Source material section start

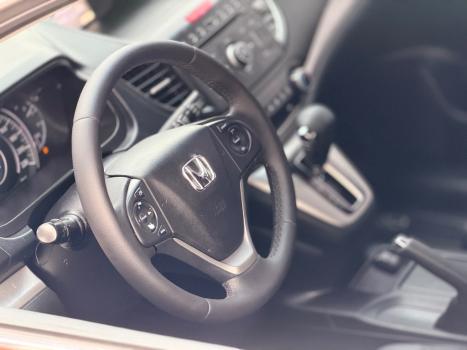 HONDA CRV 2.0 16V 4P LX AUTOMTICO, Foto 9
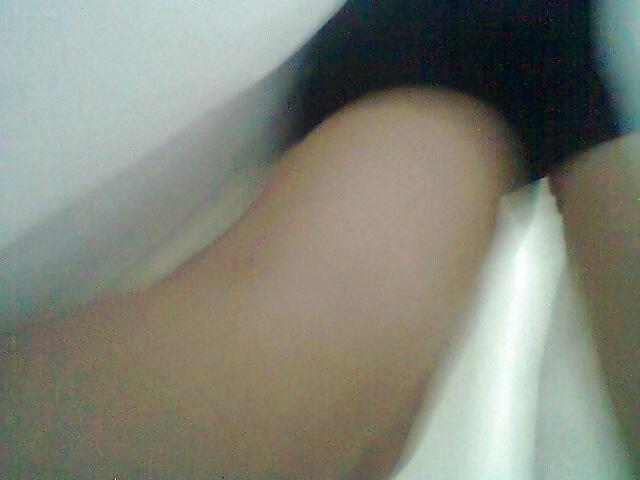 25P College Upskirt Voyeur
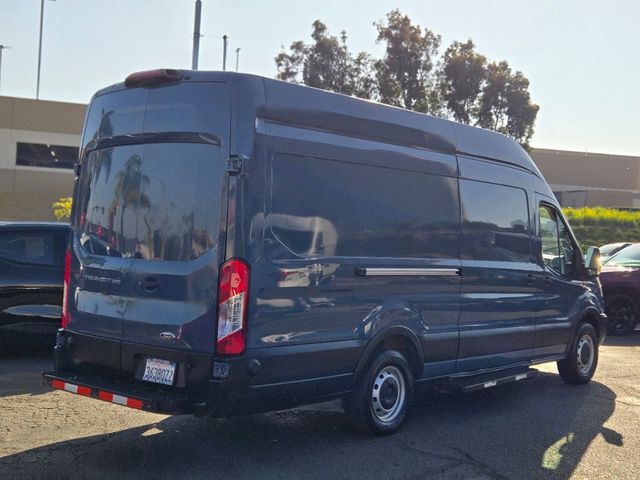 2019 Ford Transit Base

Source material section end
Source material section start

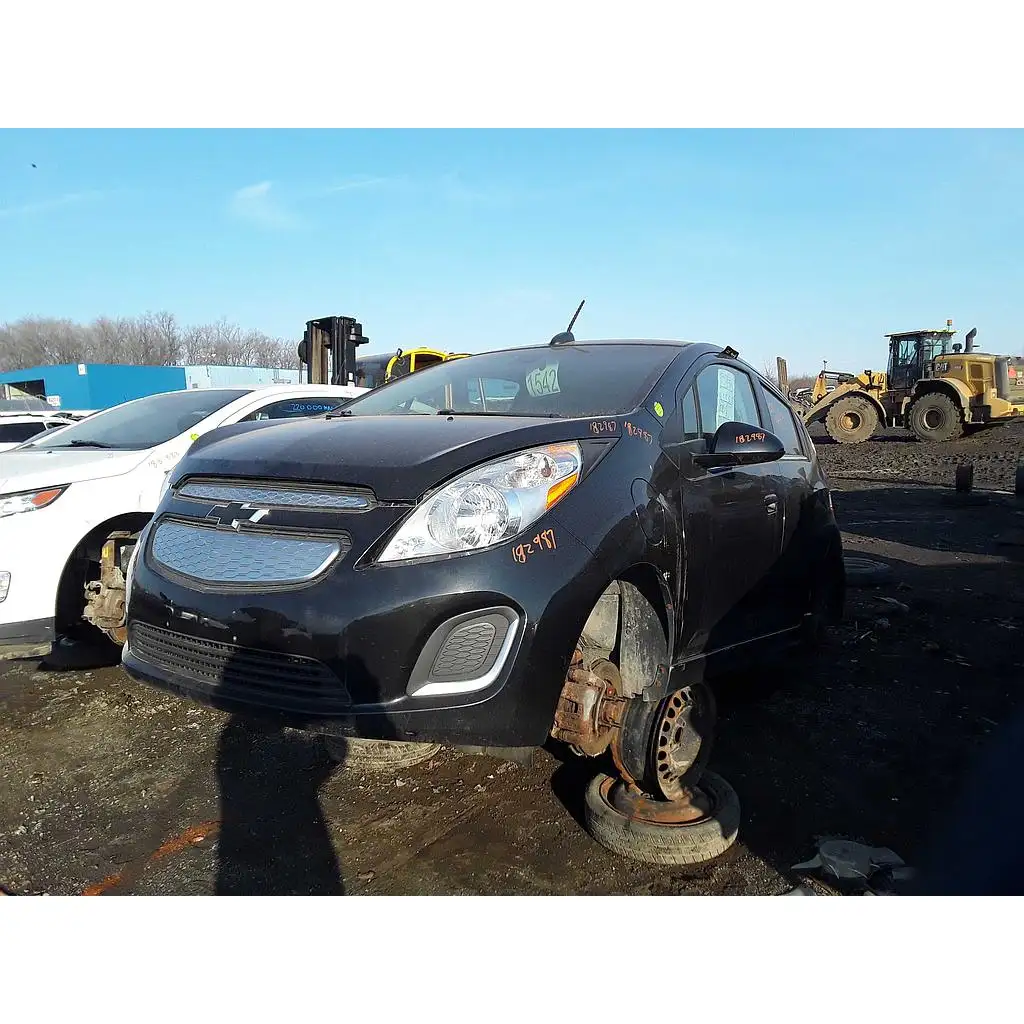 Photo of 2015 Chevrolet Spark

Source material section end

Would you output only the span of the records above that opens with the line containing "HONDA CRV 2.0 16V 4P LX AUTOMTICO, Foto 9" and closes with the line containing "2019 Ford Transit Base", ends included and pictures dropped?

 HONDA CRV 2.0 16V 4P LX AUTOMTICO, Foto 9
 25P College Upskirt Voyeur
 2019 Ford Transit Base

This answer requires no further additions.